2 respostas para FUP amplia luta por nova lei do petróleo no 10° Fórum Social Mundial

  1. Jornal Brasil de Fato

    Campanha realiza noite de defesa do monopólio estatal sobre o Petróleo
    por Cristiano última modificação 28/01/2010 11:36

    O evento contou com a exibição do filme “O petróleo tem que ser nosso, a última fronteira”

    28/01/2010

    Leandro Uchoas

    Porto Alegre (RS)

    Durante a noite desta quarta-feira (27), a campanha “O petróleo tem que ser nosso” levou ao Fórum Social Mundial uma rica exposição das peculiaridades da descoberta do pré-sal. A palestra “Exploração do petróleo e a construção de um projeto popular para o Brasil” deixou claro aos presentes o momento decisivo da história nacional.

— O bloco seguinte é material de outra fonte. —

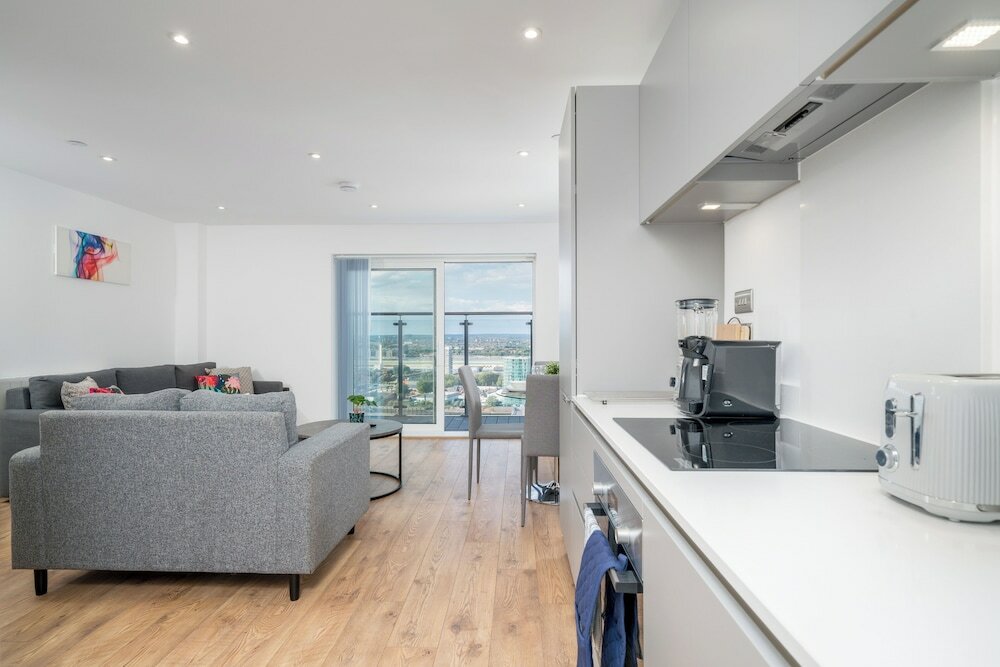 Фото Skyvillion - Woolwich 2-Bed Apartments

    Os discursos não destoavam. Defendiam o monopólio estatal na exploração do petróleo, e a luta social como alternativa única de pressionar os poderes republicanos a resistir à cobiça internacional. O evento começou com a exibição do filme “O petróleo tem que ser nosso, a última fronteira”, que através de entrevistas das mais variadas correntes de esquerda, sublinha a necessidade de se formar unidade para garantir os recursos do pré-sal.

    João Antônio de Moraes, da Federação Única dos Petroleiros (FUP), ressaltou que dos quatro projetos enviados pelo governo federal ao Parlamento com referência aos recursos do pré-sal, dois permaneceram quase inalterados. Apenas um deles teria avançado razoavelmente. Mas o principal, referente à partilha dos recursos, teve retrocessos. “Não temos dúvida de que um projeto dessa magnitude não vai se resolver no Parlamento. E se resolver, vai ser da forma mais conservadora possível”, disse.

    Edison Munhoz, diretor do Sindicato dos Petroleiros no Rio de Janeiro, apresentou um trabalho com o histórico da luta pelo petróleo no Brasil. Da campanha “O Petróleo é Nosso” à quebra do monopólio de petróleo pelo governo FHC, em 1997. Munhoz comprova que o artigo 26 da lei, que privatizou a exploração de petróleo no país, contraria o artigo 177 da constituição, aquele que garante o monopólio estatal sobre a exploração.

    O professor de geografia Lucas Kerr de Oliveira apresentou o trabalho “O pré-sal e a reestruturação da sociedade brasileira”. Iniciou sua argumentação com um dado simbólico. “As maiores economias do mundo são exatamente os maiores consumidores de petróleo”, disse. Segundo o professor, a tendência no mundo é a diminuição gradual da quantidade de petróleo barato, e o aumento do de difícil extração.

    Isso fará com que o preço do mineral aumente no mundo, e que seja necessária uma mudança de matriz energética. Lucas também falou de ameaças ao patrimônio brasileiro, como o recente furto de computadores da Petrobrás, e o apoio do governo estadunidense a candidaturas separatistas em países latino-americanos como no Equador e na Bolívia.

    Também foram feitas críticas veementes aos governadores do Rio de Janeiro, Sérgio Cabral (PMDB), e Espírito Santo, Paulo Hartung (PMDB), que só estariam lutando pelos royalties do petróleo por pressão de multinacionais como Texaco e Esso. “É uma decepção. O debate é muito maior. Os estados têm que dizer aonde e como aplicariam esse dinheiro”, lamentou o dirigente do Sindicato dos Petroleiros (Sindipetro), Emanuel Cancela.

    A participação da campanha “O Petróleo tem que ser nosso” no Fórum Social Mundial segue nesta quinta-feira, com a exibição do filme no Auditório da Escola Técnica Parobé, às 18h00.

    http://www.brasildefato.com.br/v01/agencia/nacional/campanha-realiza-noite-de-defesa-do-monopolio-estatal-sobre-o-petroleo/view

  2. Balão da Campanha “O Pré-Sal é do Povo Brasileiro” – FUP – em frente ao Gasômetro – durante o Fórum Social Mundial 2010 em Porto Alegre.